(MATERIAL TO PROCESS)
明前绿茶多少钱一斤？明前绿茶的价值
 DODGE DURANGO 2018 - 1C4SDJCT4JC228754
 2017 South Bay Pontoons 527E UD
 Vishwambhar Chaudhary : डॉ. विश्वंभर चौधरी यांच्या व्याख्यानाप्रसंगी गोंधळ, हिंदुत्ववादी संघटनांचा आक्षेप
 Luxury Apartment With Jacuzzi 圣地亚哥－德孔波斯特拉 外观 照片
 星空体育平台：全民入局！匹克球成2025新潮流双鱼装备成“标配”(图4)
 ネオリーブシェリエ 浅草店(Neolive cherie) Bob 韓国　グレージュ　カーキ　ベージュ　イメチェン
(End MATERIAL TO PROCESS)
ASSIGNED TASK
Every line from the one that has "Luxury Apartment With" down to the last line above must be written out exactly, with both ends included and nothing else.

RESULT OF THIS TASK
 Luxury Apartment With Jacuzzi 圣地亚哥－德孔波斯特拉 外观 照片
 星空体育平台：全民入局！匹克球成2025新潮流双鱼装备成“标配”(图4)
 ネオリーブシェリエ 浅草店(Neolive cherie) Bob 韓国　グレージュ　カーキ　ベージュ　イメチェン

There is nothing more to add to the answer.